• [DATA TO USE]
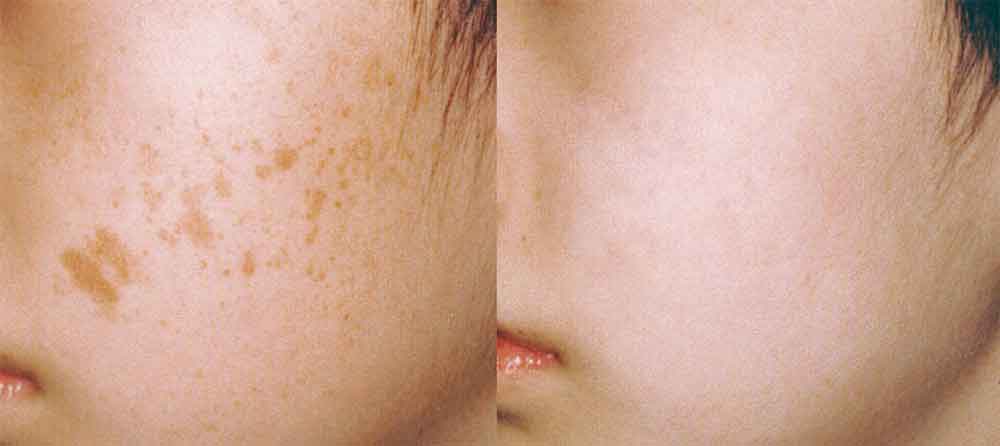 Laser Pigmentation Removal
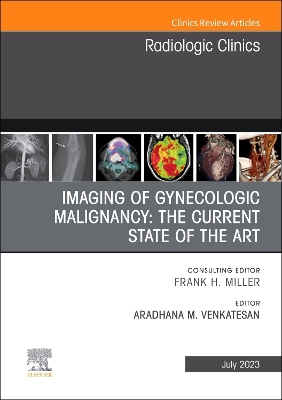 Imaging of Gynecologic Malignancy: The Current State of the Art, An Issue of  Radiologic Clinics of North America, Volume 61-4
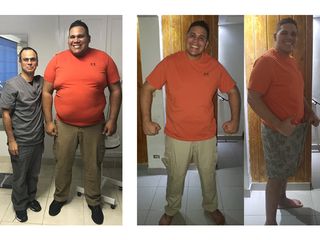 Cristian: 1 año, -44 kilos, manga gástrica - Dr. Diego Lozano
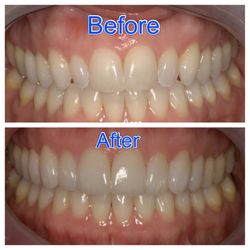 Davis Dentistry - Upper Veneers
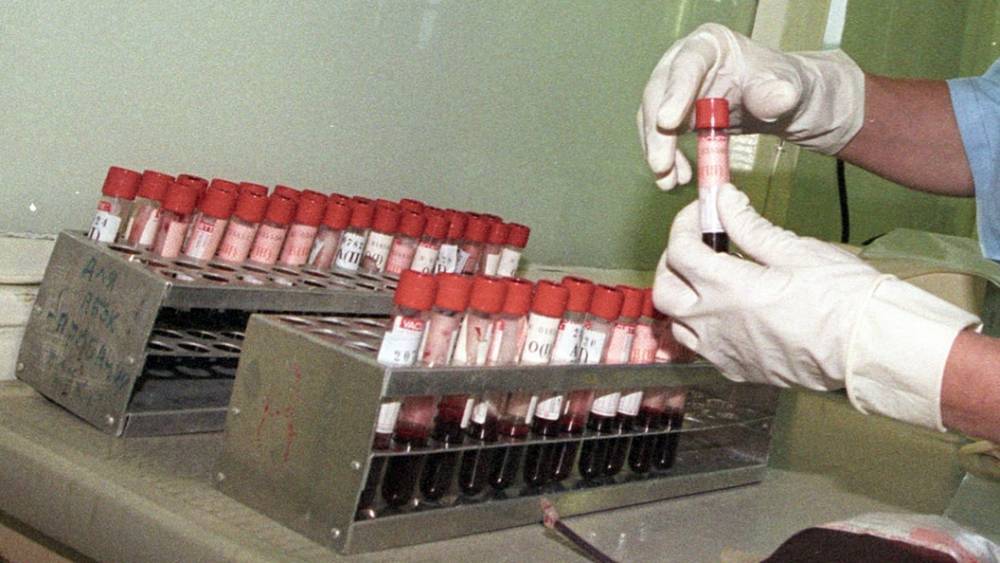 Нигде ВИЧ не распространялся так быстро, как в России, но сегодня у врачей есть "ключ" для спасения - эксперт
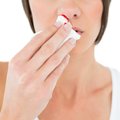 Kraujavimas iš nosies gali būti ir pavojingų ligų požymis: kokios galimos priežastys ir kaip tai sustabdyti?
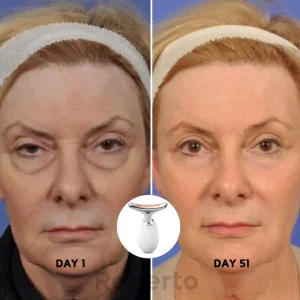 Roberto™ Anti-Aging Device 17 Roberto™ Anti-Aging Device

• [EXERCISE DETAILS] The answer should hold every line of the listing, copied exactly, with no pictures.

• [EXERCISE SOLUTION]
 Laser Pigmentation Removal
 Imaging of Gynecologic Malignancy: The Current State of the Art, An Issue of  Radiologic Clinics of North America, Volume 61-4
 Cristian: 1 año, -44 kilos, manga gástrica - Dr. Diego Lozano
 Davis Dentistry - Upper Veneers
 Нигде ВИЧ не распространялся так быстро, как в России, но сегодня у врачей есть "ключ" для спасения - эксперт
 Kraujavimas iš nosies gali būti ir pavojingų ligų požymis: kokios galimos priežastys ir kaip tai sustabdyti?
 Roberto™ Anti-Aging Device 17 Roberto™ Anti-Aging Device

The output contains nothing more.